口述人:王伟
王伟,47岁,现任重庆法制报社总编辑、党总支书记。1996年——2006年在重庆晚报工作,曾任社会新闻部主任、时政新闻部主任、编委等职。
口述时间:2017年4月4日
车牌番号的改变,就是场“**礼”
1997年5月29日重庆晚报头版
《七一起机动车换号牌 新牌照渝字当头》,题目16个字,内容200多字,体裁是消息,却挤进了1997年5月29日的头版。
当年我是以跑政法系统为主,兼顾社会新闻,偶尔还接点热线的记者。
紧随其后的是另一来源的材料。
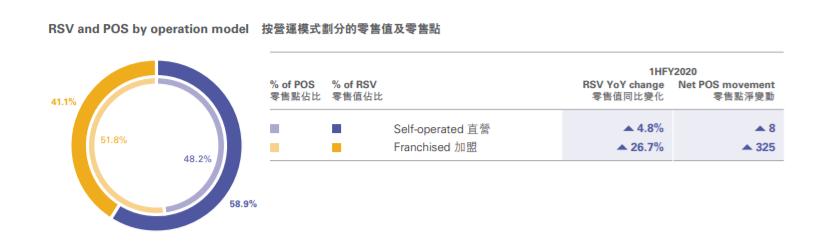 靠线上“雄起”？周大生卖的什么药？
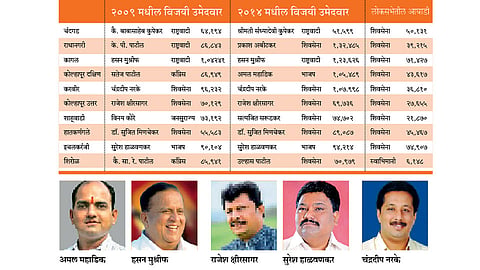 Kolhapur-District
那天早晨,我刚洗完一把冷水脸,身边的BP机就叫了,拿起一看,是通讯员发来的线索——重庆要有自己的车牌开头字号了!第一感觉就是这个事它很重要,跟我平常跑的题材的兴奋点是不一样的,因为它是时政和民生的一次结合。
我立马扯下一旁的毛巾擦干脸,那时候没有微信、QQ这么多沟通方式,连手机都,1998年以后才有的,我们的每一个采访都必须到现场。我拿起采访包就开始往现场跑。
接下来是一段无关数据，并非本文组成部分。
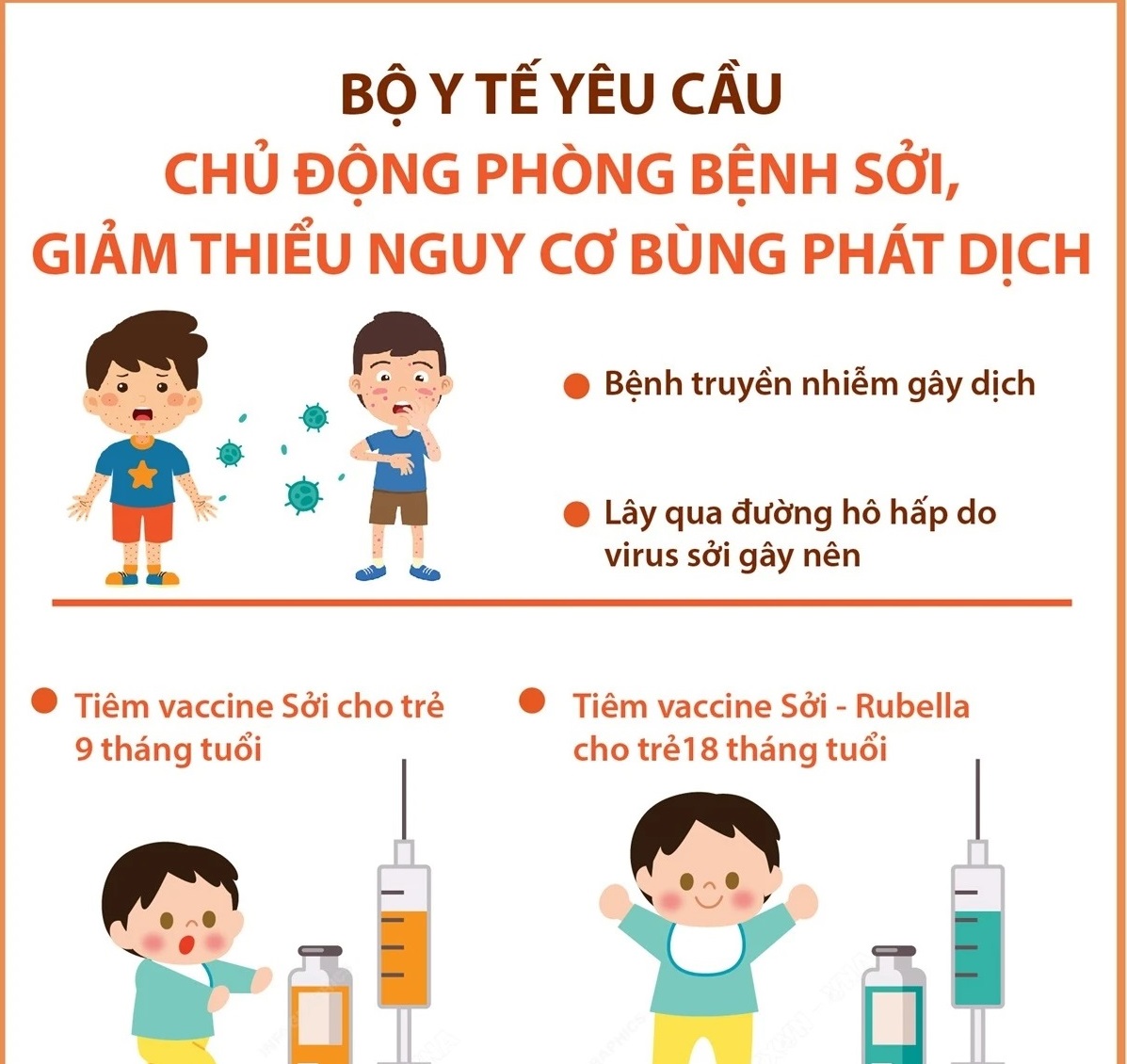Chủ động phòng bệnh sởi, giảm thiểu nguy cơ bùng phát dịch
了解到情况后,接下来就是写稿了。那时候很多记者都有一个习惯:回报社写稿。我站在马路边,伸手招了一辆出租车,“师傅,解放西路66号。”出租车司机对这个地址似乎很有感觉,司机说:“你是记者吗?哪张报纸的?你认识江波、陈……”我看着车窗外闪过的街景,心想:那都如雷贯耳的报社名记,以后有没有哪一天别人也会问起我呢?
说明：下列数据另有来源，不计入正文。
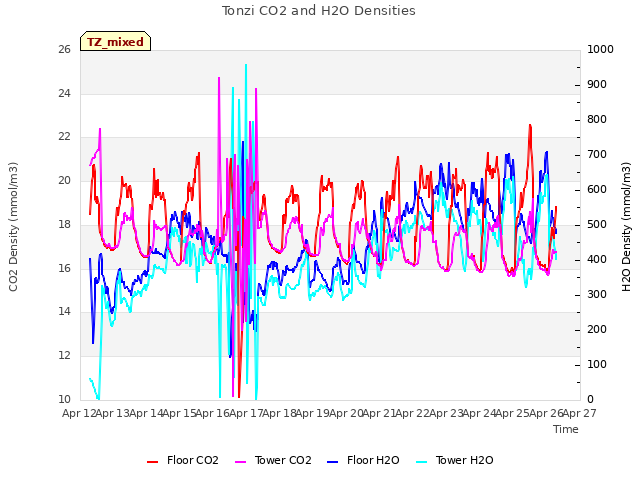 plot of Tonzi CO2 and H2O Densities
到达单位后,我从桌下摸出信笺纸,坐下来开始构思。那种四四方方的信笺纸,周围留白很多,是编辑们用来批注的地方。晚报一直对稿件质量的要求接近严苛,可以用“惜字如金”来形容。对于一篇消息来说,介词出现的次数都有严格的限定,形容词是万万不能有的。凡是经过编辑把关的新闻事实,要么对人有用,要么打动人心。我刚进晚报的时候写个400字的消息,编辑能用红色毛笔给我批注七、八百字出来。看到一张纸全“红”了,一方面是很惭愧,另一方面也是一个非常好的学习过程。
这篇稿子一气呵成,编辑改动的地方也少,可能因为那时我来晚报已经1年多了。那时候的报道,即使是发得很小,像“豆腐干”,我也会把报纸剪下来,保存起来。
第二天报道出来以后,反响很大。周围的朋友开始口口相传,去车管所预约换证的人,个个笑容满面。我有一朋友拿到了“渝B0002”号车牌,有人把他误认为是首长。
尽管没有写出来,但当时我们是了解到了,国家对重庆直辖很重视,考虑到了将来的发展,批了渝“A、B、C、D、E、F”就像现在,主城不仅跑着“渝A”、“渝B”,很多新车也开始上“渝D”的车牌了,不过二十年过去了,在车管所里选车牌的人,还是喜欢888、777或者顺序数,这还是没变。
车牌字号对重庆的影响,给我的感觉是,随着城市地位的上升 “渝”字号的车牌可识别性更强了,人家一看车牌就知道,哎,这是万州的朋友,这是涪陵的朋友。以前重庆的车牌号就是四川地区的老二,万州、涪陵就排得更后面了。
渝字号其实就是一场“**礼”,类似于一种身份认证,像孩子那样长大**以后,标志着独立门户、养家糊口。现在到外地自驾的重庆人也多了起来,再也没有人指着你的车牌问“你是四川哪儿的?“了。
口述人:张劲
张劲,从事新闻工作20年,1989年调到重庆公安报工作,2010年至今在江北区公安分局工作。
涉及车辆政策的调整更及时更具体
重庆直辖20年,我俩成为朋友20年。
当时我也是媒体人,和王总(王伟)一样,BP机收到消息后跑去采访,我俩在车管所打了一个照面。换车牌的时候,我还没有车,但下意识认识到这是一个关注度很高的稿子。
我觉得“渝”字头的车牌识别度更高,人一看就知道是重庆的,随着车辆跨省流动越来越多,这无形当中也是起到了一个宣传作用;另外就是涉及车辆相关政策的改变更及时更具体,自己开车后,包括经常去车管所采访了解到,以前与重庆相关的车辆政策重庆自己做不了主,要报送四川省交警总队,他们又要考虑全省的整体情况,现在重庆车辆政策的调整就可以因地制宜。